A situação de falha total do sistema de gestão de resíduos de equipamentos elétricos e eletrónicos (REEE) é já um facto inquestionável e que levou o anterior Secretário de Estado do Ambiente a dizer publicamente que poderiam ser aplicadas multas até 5 milhões de euros ou mesmo a cassação de licenças neste setor.

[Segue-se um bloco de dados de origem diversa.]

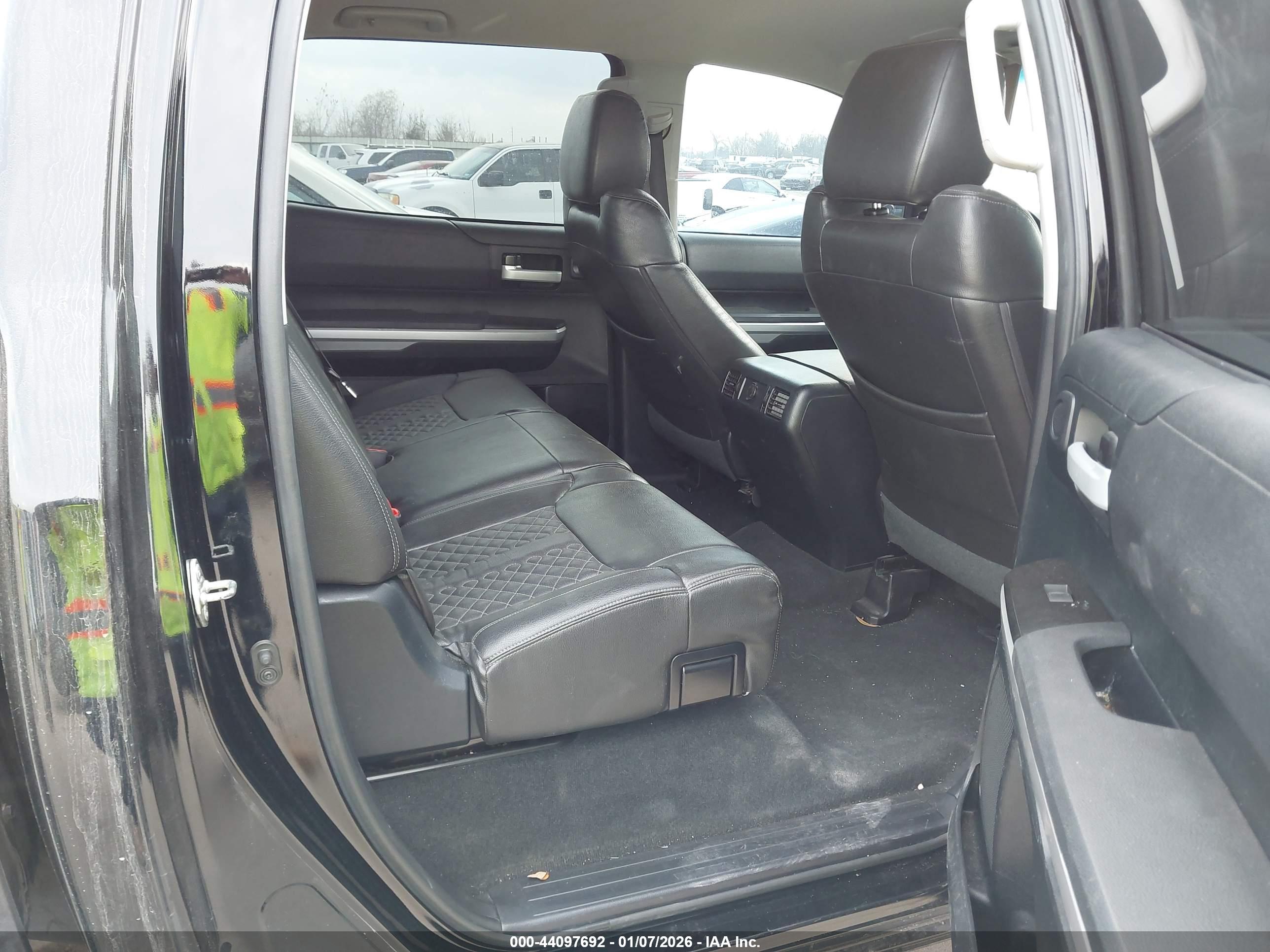 TOYOTA TUNDRA image 8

A realidade, porém, parece ser muito diferente. Já passaram meses desde essas declarações, o Secretário de Estado em causa é agora deputado, a atual responsável governamental ainda não se pronunciou sobre o assunto e as tais multas, nem vê-las. Para já não falar na comissão de acompanhamento da gestão dos REEE proposta por João Ataíde que ainda não passou do papel.
Por isso é que não são de estranhar as ideias divulgadas pelo responsável pela maior Entidade Gestora (EG) de REEE que vem propor que a responsabilidade do cumprimento das metas de recolha e tratamento deste fluxo sejam repartidas entre as EG e outros intervenientes na gestão dos REEE.

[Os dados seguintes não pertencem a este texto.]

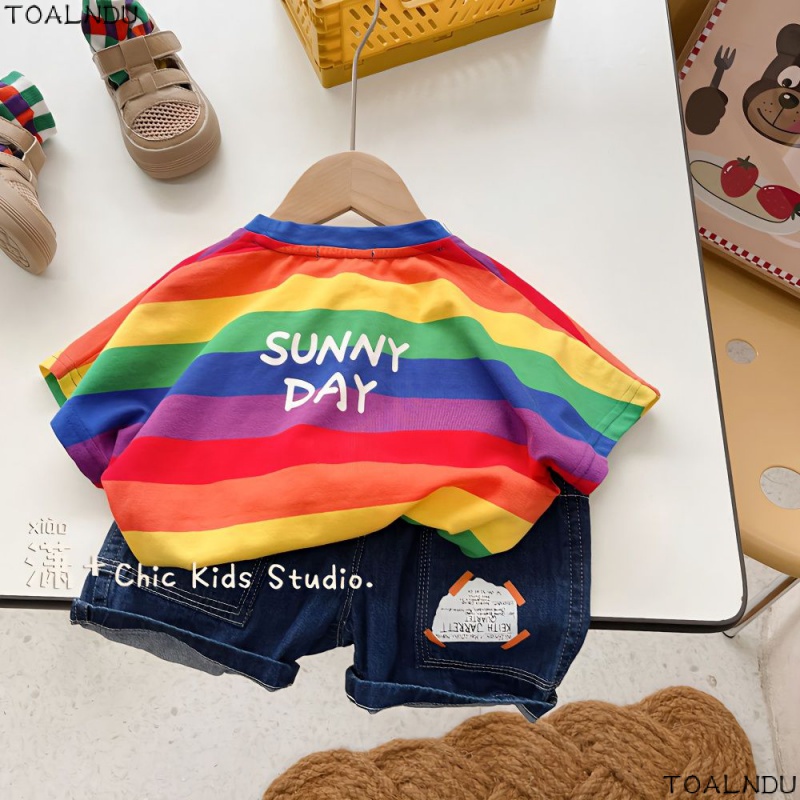 เสื้อยืดแขนสั้น ผ้าฝ้ายแท้ 100% ลายทาง สีรุ้ง เข้ากับทุกการแต่งกาย แฟชั่นสไตล์เกาหลี สําหรับเด็กผู้ชาย และผู้หญิง 20232023100%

Mas afinal, quem é que foi licenciado pelo Estado Português para garantir que as metas seriam cumpridas, não foram essas mesmas EG?
Quem é que recebe o ecovalor pago pelas empresas que colocam EEE no mercado, não são essas EG?

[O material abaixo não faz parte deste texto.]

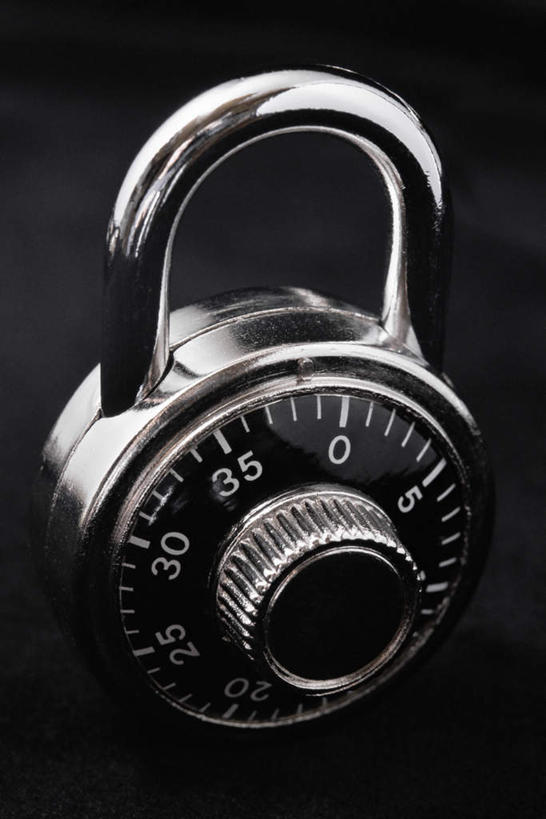 无人,竖图,俯视,室内,特写,白天,安全,静物,黑色背景,标志,数字,文字,字符,防护,标识,锁,一个,摄影,密码,阿拉伯数字,影棚,单个,保护,挂锁,保险,私密,保全,周全,安稳,安定,防盗,平安,彩图,高角度拍摄,影棚拍摄,拍摄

Mas afinal o ecovalor que recebem não chega para cobrir os custos com a recolha e o tratamento? Então, por que razão as EG propõem modelos económicos à APA e à DGAE que não geram as receitas suficientes para cumprirem as suas obrigações ambientais?
E já agora, o que leva a APA e a DGAE a aceitarem esses modelos económicos, quando se vê logo à partida que não vão funcionar?
Em 2017, o ecovalor para os equipamentos de refrigeração foi de € 66 por tonelada, tendo-se recolhido e tratado apenas 25% desses equipamentos. A meta para 2019 é de 65%, mas o ecovalor apenas subiu para € 80. Como é que a APA e a DGAE permitiram isto?
E esta EG vem agora dizer que os resultados não dependem da APA. Nada mais errado.
A APA, por ser o departamento do Ministério do Ambiente com a tutela nesta matéria, é a principal responsável pelo colapso da gestão dos REEE em Portugal, não só porque aprova ecovalores ridículos, como também porque aceita como bons, dados fornecidos pelas EG sobre o tratamento de REEE em Operadores de Gestão de Resíduos (OGR) que não têm condições para o fazer e que não apresentam qualquer evidência da remoção de contaminantes.
Como é possível aceitar que foram tratados adequadamente REEE que entram num fragmentador de VFV misturados com outra sucata metálica e que são descarregados diretamente no equipamento de fragmentação de metais sem qualquer triagem prévia de contaminantes, como aliás está bem demonstrado para os condensadores com PCBs que compõem os pequenos EEE?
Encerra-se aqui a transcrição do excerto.